* Work task *
Return the records below exactly as they are written.

[Extracted entries — start]

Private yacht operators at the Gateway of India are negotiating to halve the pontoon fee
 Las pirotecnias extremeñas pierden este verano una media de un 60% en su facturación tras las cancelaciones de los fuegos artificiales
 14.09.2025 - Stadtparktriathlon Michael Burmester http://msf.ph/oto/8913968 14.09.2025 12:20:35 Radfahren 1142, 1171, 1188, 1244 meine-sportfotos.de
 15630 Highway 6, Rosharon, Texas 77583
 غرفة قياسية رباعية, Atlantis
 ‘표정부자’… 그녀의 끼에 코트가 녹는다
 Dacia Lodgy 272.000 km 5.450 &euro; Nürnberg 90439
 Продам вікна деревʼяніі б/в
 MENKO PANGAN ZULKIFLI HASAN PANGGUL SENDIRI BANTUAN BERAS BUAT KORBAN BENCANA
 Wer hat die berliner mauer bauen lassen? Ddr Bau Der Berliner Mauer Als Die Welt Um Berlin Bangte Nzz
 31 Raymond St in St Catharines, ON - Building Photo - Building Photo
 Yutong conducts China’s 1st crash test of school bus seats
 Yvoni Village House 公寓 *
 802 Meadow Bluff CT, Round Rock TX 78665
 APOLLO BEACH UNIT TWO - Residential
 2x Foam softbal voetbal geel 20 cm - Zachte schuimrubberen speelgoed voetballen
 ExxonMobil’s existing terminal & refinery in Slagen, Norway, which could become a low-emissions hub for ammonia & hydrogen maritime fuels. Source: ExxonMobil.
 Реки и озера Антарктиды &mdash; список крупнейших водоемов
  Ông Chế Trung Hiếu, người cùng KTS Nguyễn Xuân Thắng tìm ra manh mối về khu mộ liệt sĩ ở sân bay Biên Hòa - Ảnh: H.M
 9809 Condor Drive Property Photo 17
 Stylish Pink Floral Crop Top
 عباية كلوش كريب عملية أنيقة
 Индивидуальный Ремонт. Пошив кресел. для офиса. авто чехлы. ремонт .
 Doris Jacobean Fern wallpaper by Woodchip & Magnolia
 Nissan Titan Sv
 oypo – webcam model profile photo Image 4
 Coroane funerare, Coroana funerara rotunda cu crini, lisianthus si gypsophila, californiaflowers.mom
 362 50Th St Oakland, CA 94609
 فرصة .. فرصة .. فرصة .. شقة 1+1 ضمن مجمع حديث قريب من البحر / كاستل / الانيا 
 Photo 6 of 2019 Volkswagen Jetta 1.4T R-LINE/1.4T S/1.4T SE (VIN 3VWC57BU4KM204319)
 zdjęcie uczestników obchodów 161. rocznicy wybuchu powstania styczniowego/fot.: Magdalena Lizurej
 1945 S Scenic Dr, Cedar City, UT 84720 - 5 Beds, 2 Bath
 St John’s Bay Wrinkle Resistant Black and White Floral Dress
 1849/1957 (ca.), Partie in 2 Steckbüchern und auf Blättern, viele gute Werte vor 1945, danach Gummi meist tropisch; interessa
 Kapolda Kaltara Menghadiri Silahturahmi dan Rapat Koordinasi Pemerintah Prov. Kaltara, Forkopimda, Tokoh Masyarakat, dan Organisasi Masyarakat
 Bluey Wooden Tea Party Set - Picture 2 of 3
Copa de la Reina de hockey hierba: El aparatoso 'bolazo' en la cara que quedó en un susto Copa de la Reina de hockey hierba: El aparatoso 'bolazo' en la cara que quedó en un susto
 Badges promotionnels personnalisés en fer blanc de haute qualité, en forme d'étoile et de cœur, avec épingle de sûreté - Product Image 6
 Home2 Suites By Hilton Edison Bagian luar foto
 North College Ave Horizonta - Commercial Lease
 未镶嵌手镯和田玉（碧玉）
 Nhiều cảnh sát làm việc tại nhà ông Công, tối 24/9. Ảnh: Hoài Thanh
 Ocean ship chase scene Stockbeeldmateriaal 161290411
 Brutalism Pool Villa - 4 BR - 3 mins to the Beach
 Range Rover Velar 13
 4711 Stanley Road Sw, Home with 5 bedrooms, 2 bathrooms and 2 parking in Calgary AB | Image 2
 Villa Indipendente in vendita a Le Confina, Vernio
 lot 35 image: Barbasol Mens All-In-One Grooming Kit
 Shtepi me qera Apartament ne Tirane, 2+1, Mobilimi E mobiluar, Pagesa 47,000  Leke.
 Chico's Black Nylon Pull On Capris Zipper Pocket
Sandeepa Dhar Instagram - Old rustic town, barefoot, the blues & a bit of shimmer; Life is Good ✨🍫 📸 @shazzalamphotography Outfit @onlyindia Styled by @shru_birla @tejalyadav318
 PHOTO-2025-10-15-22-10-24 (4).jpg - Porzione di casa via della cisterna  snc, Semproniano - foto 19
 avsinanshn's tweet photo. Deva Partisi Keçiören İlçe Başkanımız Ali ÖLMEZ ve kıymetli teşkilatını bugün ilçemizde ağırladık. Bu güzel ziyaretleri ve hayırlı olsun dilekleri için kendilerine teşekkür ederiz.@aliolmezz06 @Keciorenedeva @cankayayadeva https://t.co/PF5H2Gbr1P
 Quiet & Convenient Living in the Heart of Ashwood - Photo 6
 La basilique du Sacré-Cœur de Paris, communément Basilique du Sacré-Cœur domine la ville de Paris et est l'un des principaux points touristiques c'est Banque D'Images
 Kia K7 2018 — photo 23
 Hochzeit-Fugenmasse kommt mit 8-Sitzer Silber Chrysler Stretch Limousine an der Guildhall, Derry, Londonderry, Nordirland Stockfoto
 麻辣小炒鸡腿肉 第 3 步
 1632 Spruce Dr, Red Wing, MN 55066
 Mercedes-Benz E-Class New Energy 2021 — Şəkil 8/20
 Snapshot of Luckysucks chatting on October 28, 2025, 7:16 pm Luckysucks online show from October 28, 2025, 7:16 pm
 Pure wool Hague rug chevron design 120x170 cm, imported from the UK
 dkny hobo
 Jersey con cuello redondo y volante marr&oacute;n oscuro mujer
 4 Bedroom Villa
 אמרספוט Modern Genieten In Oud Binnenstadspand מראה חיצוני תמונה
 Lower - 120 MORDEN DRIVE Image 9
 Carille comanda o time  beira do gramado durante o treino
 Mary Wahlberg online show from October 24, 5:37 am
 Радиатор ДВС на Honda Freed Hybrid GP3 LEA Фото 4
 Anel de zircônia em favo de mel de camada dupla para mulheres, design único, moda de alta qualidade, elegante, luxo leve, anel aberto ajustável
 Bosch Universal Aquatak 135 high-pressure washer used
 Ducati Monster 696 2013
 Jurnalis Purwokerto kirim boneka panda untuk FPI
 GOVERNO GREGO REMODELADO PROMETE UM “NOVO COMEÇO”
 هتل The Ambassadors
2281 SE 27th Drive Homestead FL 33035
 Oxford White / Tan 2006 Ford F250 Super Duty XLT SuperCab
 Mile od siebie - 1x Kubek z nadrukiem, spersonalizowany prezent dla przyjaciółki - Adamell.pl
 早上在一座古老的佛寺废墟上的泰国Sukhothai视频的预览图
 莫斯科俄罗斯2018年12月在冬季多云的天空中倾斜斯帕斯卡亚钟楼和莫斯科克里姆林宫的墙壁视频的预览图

[Extracted entries — finish]

* Written reply *
Private yacht operators at the Gateway of India are negotiating to halve the pontoon fee
 Las pirotecnias extremeñas pierden este verano una media de un 60% en su facturación tras las cancelaciones de los fuegos artificiales
 14.09.2025 - Stadtparktriathlon Michael Burmester http://msf.ph/oto/8913968 14.09.2025 12:20:35 Radfahren 1142, 1171, 1188, 1244 meine-sportfotos.de
 15630 Highway 6, Rosharon, Texas 77583
 غرفة قياسية رباعية, Atlantis
 ‘표정부자’… 그녀의 끼에 코트가 녹는다
 Dacia Lodgy 272.000 km 5.450 &euro; Nürnberg 90439
 Продам вікна деревʼяніі б/в
 MENKO PANGAN ZULKIFLI HASAN PANGGUL SENDIRI BANTUAN BERAS BUAT KORBAN BENCANA
 Wer hat die berliner mauer bauen lassen? Ddr Bau Der Berliner Mauer Als Die Welt Um Berlin Bangte Nzz
 31 Raymond St in St Catharines, ON - Building Photo - Building Photo
 Yutong conducts China’s 1st crash test of school bus seats
 Yvoni Village House 公寓 *
 802 Meadow Bluff CT, Round Rock TX 78665
 APOLLO BEACH UNIT TWO - Residential
 2x Foam softbal voetbal geel 20 cm - Zachte schuimrubberen speelgoed voetballen
 ExxonMobil’s existing terminal & refinery in Slagen, Norway, which could become a low-emissions hub for ammonia & hydrogen maritime fuels. Source: ExxonMobil.
 Реки и озера Антарктиды &mdash; список крупнейших водоемов
  Ông Chế Trung Hiếu, người cùng KTS Nguyễn Xuân Thắng tìm ra manh mối về khu mộ liệt sĩ ở sân bay Biên Hòa - Ảnh: H.M
 9809 Condor Drive Property Photo 17
 Stylish Pink Floral Crop Top
 عباية كلوش كريب عملية أنيقة
 Индивидуальный Ремонт. Пошив кресел. для офиса. авто чехлы. ремонт .
 Doris Jacobean Fern wallpaper by Woodchip & Magnolia
 Nissan Titan Sv
 oypo – webcam model profile photo Image 4
 Coroane funerare, Coroana funerara rotunda cu crini, lisianthus si gypsophila, californiaflowers.mom
 362 50Th St Oakland, CA 94609
 فرصة .. فرصة .. فرصة .. شقة 1+1 ضمن مجمع حديث قريب من البحر / كاستل / الانيا 
 Photo 6 of 2019 Volkswagen Jetta 1.4T R-LINE/1.4T S/1.4T SE (VIN 3VWC57BU4KM204319)
 zdjęcie uczestników obchodów 161. rocznicy wybuchu powstania styczniowego/fot.: Magdalena Lizurej
 1945 S Scenic Dr, Cedar City, UT 84720 - 5 Beds, 2 Bath
 St John’s Bay Wrinkle Resistant Black and White Floral Dress
 1849/1957 (ca.), Partie in 2 Steckbüchern und auf Blättern, viele gute Werte vor 1945, danach Gummi meist tropisch; interessa
 Kapolda Kaltara Menghadiri Silahturahmi dan Rapat Koordinasi Pemerintah Prov. Kaltara, Forkopimda, Tokoh Masyarakat, dan Organisasi Masyarakat
 Bluey Wooden Tea Party Set - Picture 2 of 3
Copa de la Reina de hockey hierba: El aparatoso 'bolazo' en la cara que quedó en un susto Copa de la Reina de hockey hierba: El aparatoso 'bolazo' en la cara que quedó en un susto
 Badges promotionnels personnalisés en fer blanc de haute qualité, en forme d'étoile et de cœur, avec épingle de sûreté - Product Image 6
 Home2 Suites By Hilton Edison Bagian luar foto
 North College Ave Horizonta - Commercial Lease
 未镶嵌手镯和田玉（碧玉）
 Nhiều cảnh sát làm việc tại nhà ông Công, tối 24/9. Ảnh: Hoài Thanh
 Ocean ship chase scene Stockbeeldmateriaal 161290411
 Brutalism Pool Villa - 4 BR - 3 mins to the Beach
 Range Rover Velar 13
 4711 Stanley Road Sw, Home with 5 bedrooms, 2 bathrooms and 2 parking in Calgary AB | Image 2
 Villa Indipendente in vendita a Le Confina, Vernio
 lot 35 image: Barbasol Mens All-In-One Grooming Kit
 Shtepi me qera Apartament ne Tirane, 2+1, Mobilimi E mobiluar, Pagesa 47,000  Leke.
 Chico's Black Nylon Pull On Capris Zipper Pocket
Sandeepa Dhar Instagram - Old rustic town, barefoot, the blues & a bit of shimmer; Life is Good ✨🍫 📸 @shazzalamphotography Outfit @onlyindia Styled by @shru_birla @tejalyadav318
 PHOTO-2025-10-15-22-10-24 (4).jpg - Porzione di casa via della cisterna  snc, Semproniano - foto 19
 avsinanshn's tweet photo. Deva Partisi Keçiören İlçe Başkanımız Ali ÖLMEZ ve kıymetli teşkilatını bugün ilçemizde ağırladık. Bu güzel ziyaretleri ve hayırlı olsun dilekleri için kendilerine teşekkür ederiz.@aliolmezz06 @Keciorenedeva @cankayayadeva https://t.co/PF5H2Gbr1P
 Quiet & Convenient Living in the Heart of Ashwood - Photo 6
 La basilique du Sacré-Cœur de Paris, communément Basilique du Sacré-Cœur domine la ville de Paris et est l'un des principaux points touristiques c'est Banque D'Images
 Kia K7 2018 — photo 23
 Hochzeit-Fugenmasse kommt mit 8-Sitzer Silber Chrysler Stretch Limousine an der Guildhall, Derry, Londonderry, Nordirland Stockfoto
 麻辣小炒鸡腿肉 第 3 步
 1632 Spruce Dr, Red Wing, MN 55066
 Mercedes-Benz E-Class New Energy 2021 — Şəkil 8/20
 Snapshot of Luckysucks chatting on October 28, 2025, 7:16 pm Luckysucks online show from October 28, 2025, 7:16 pm
 Pure wool Hague rug chevron design 120x170 cm, imported from the UK
 dkny hobo
 Jersey con cuello redondo y volante marr&oacute;n oscuro mujer
 4 Bedroom Villa
 אמרספוט Modern Genieten In Oud Binnenstadspand מראה חיצוני תמונה
 Lower - 120 MORDEN DRIVE Image 9
 Carille comanda o time  beira do gramado durante o treino
 Mary Wahlberg online show from October 24, 5:37 am
 Радиатор ДВС на Honda Freed Hybrid GP3 LEA Фото 4
 Anel de zircônia em favo de mel de camada dupla para mulheres, design único, moda de alta qualidade, elegante, luxo leve, anel aberto ajustável
 Bosch Universal Aquatak 135 high-pressure washer used
 Ducati Monster 696 2013
 Jurnalis Purwokerto kirim boneka panda untuk FPI
 GOVERNO GREGO REMODELADO PROMETE UM “NOVO COMEÇO”
 هتل The Ambassadors
2281 SE 27th Drive Homestead FL 33035
 Oxford White / Tan 2006 Ford F250 Super Duty XLT SuperCab
 Mile od siebie - 1x Kubek z nadrukiem, spersonalizowany prezent dla przyjaciółki - Adamell.pl
 早上在一座古老的佛寺废墟上的泰国Sukhothai视频的预览图
 莫斯科俄罗斯2018年12月在冬季多云的天空中倾斜斯帕斯卡亚钟楼和莫斯科克里姆林宫的墙壁视频的预览图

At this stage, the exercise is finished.